[OpenJDK 2D-Dev] <AWT Dev> RFR: 8240654 : ZGC can cause severe UI application repaint issues

Kevin Rushforth kevin.rushforth at oracle.com
Thu Jun 11 18:52:38 UTC 2020


-- Kevin

On 6/11/2020 11:46 AM, Philip Race wrote:
> one more update to the tests
> cr.openjdk.java.net/~prr/8240654.2/
> I added
> @requires vm.gc.Z per the VM folks, ZGC needs Windows Server 2019 or 
> the same vintage Window 10. if run on Windows Server 2016
> ZGC errors out. This should prevent that. -phil.
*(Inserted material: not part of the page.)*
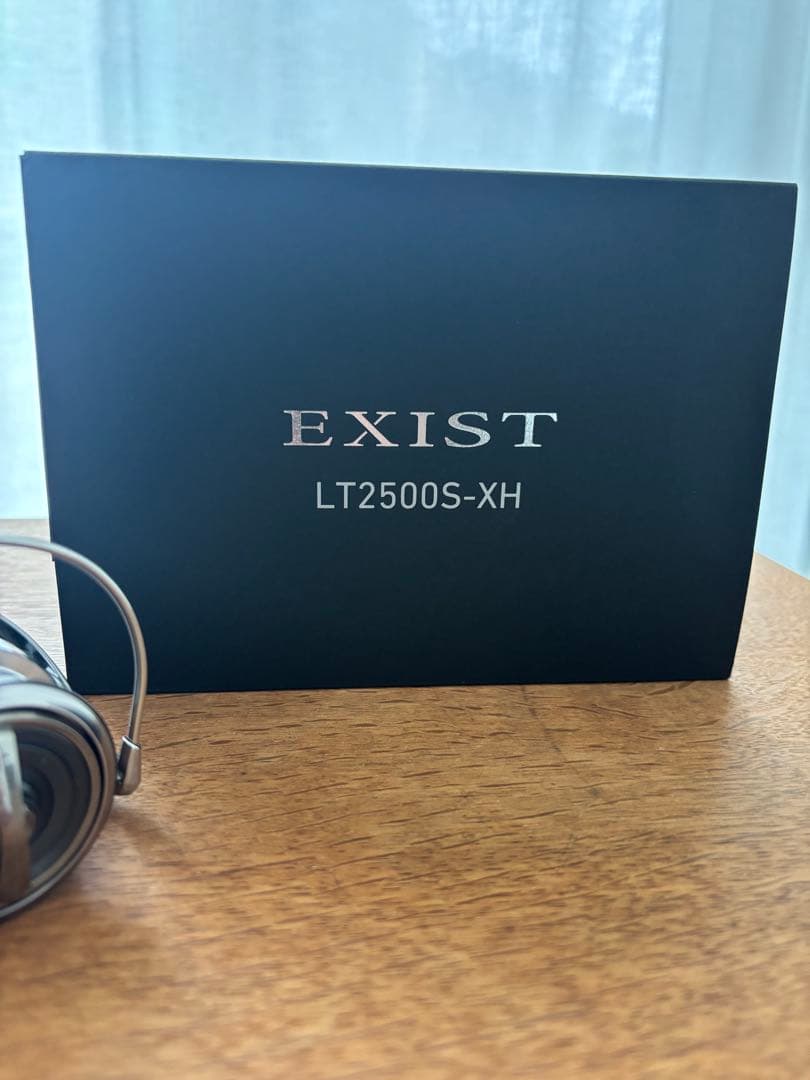 22イグジストlt2500s-xh 美品 ダイワ スピニングリール ステラ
> On 6/11/2020 11:13 AM, Kevin Rushforth wrote:
>> +1
>> The updated LargeWindowPaintTest fails for me without the fix without 
>> my having to manually set uiScale. It passes with the fix.
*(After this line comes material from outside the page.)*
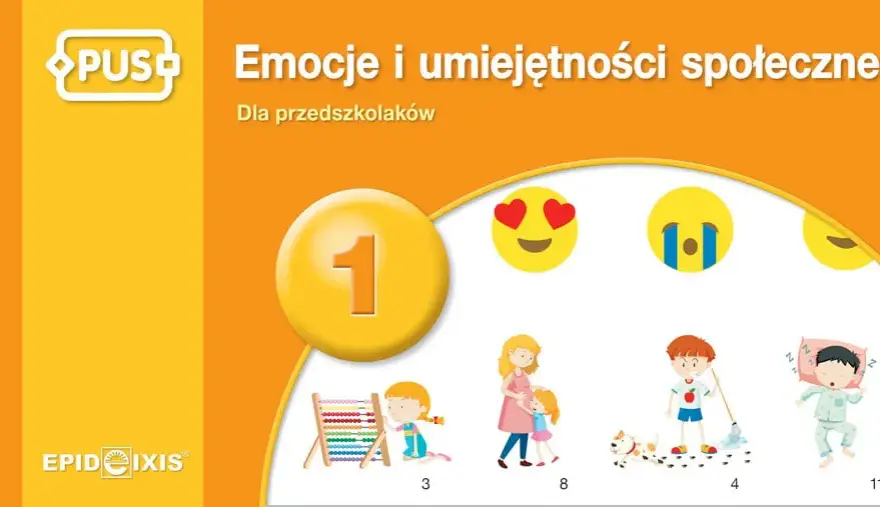 Zajęcia z pedagogiem w 6 kl.: Rozwój emocjonalny i społeczny uczniów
>> Interestingly enough, I finally saw the problem that Jay reported 
>> with AlphaPrintTest: without the fix I initially get a blank (all 
>> white) window. If I resize it then it is drawn. With the fix 
>> everything is fine.
>> -- Kevin
>> On 6/11/2020 10:48 AM, Philip Race wrote:
>>> Updated webrev here
>>> http://cr.openjdk.java.net/~prr/8240654.1/index.html
>>> The only changes are to the tests - to add -Dsun.java2d.uiScale=1 to 
>>> the onscreen test
>>> and to add printer to the keys for the printing test.
>>> It was pointed out by Stefan from the ZGC team that the changes in 
>>> awt_TrayIcon.cpp and awt_Cursor.cpp
>>> should not be needed because the GDI code in Create_BMP that 
>>> ultimately consumes the data
>>> has processed and copied it into memory allocated by 
>>> CreateDIBSection before passing it to
>>> CreateBitmap. I considered reverting those two files but decided to 
>>> keep them because I
>>> think I would like this fix anyway. We really don't need to lock 
>>> down the VM in these cases.
>>> -phil.
>>> On 6/11/20, 9:55 AM, Philip Race wrote:
>>>> I have confirmed hit a different code path. It goes through generic 
>>>> 2D s/w loops in this case.
>>>> ie we don't use GDIBlitLoops at all. The code in 
>>>> sun/java2d/pipe/DrawImage.java ends up in
>>>> scaleSurfaceData which uses the loops in ScaledBlit.c.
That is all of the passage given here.